[[ Given information, beginning ]]
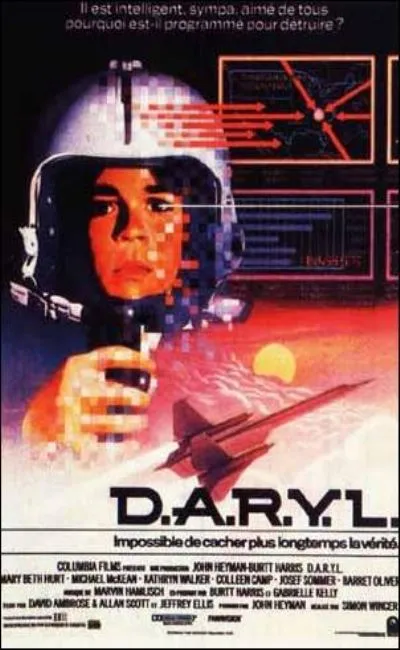 D.A.R.Y.L. (Date Analys Robot Youth Lifeforce) (1986)
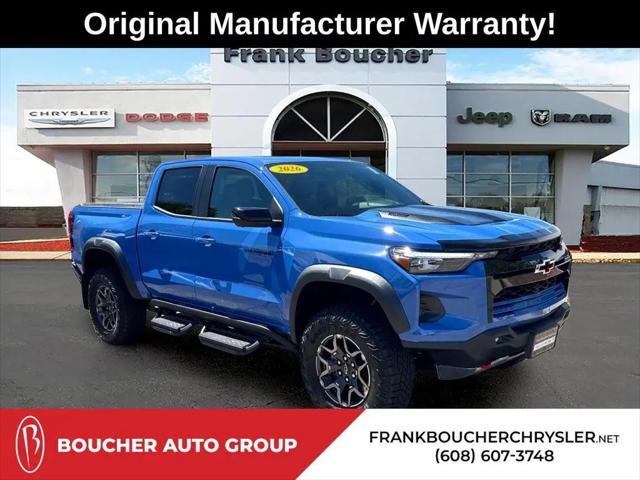 2026 Chevrolet Colorado ZR2, 4WD for sale in Janesville, WI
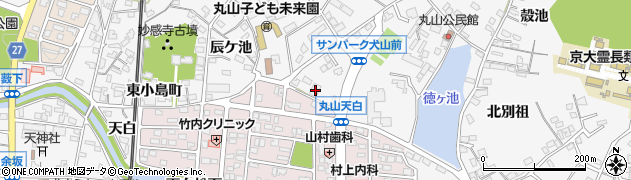 愛知県犬山市犬山甲塚5周辺の地図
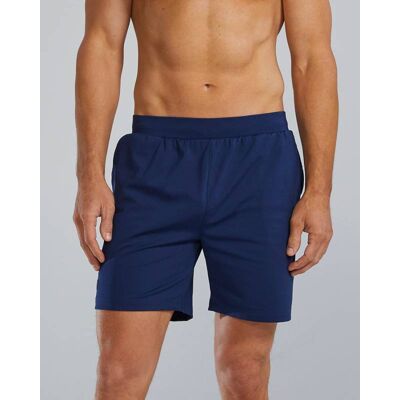 Pánské šortky TYR Elevation 7 - steel blue M Pánské šortky TYR Elevation 7 - steel blue M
[[ Given information, end ]]
=== Work item ===
Transcribe the listing above in full. Pictures are not part of the copy.

=== Output of the exercise ===
 D.A.R.Y.L. (Date Analys Robot Youth Lifeforce) (1986)
 2026 Chevrolet Colorado ZR2, 4WD for sale in Janesville, WI
 愛知県犬山市犬山甲塚5周辺の地図
 Pánské šortky TYR Elevation 7 - steel blue M Pánské šortky TYR Elevation 7 - steel blue M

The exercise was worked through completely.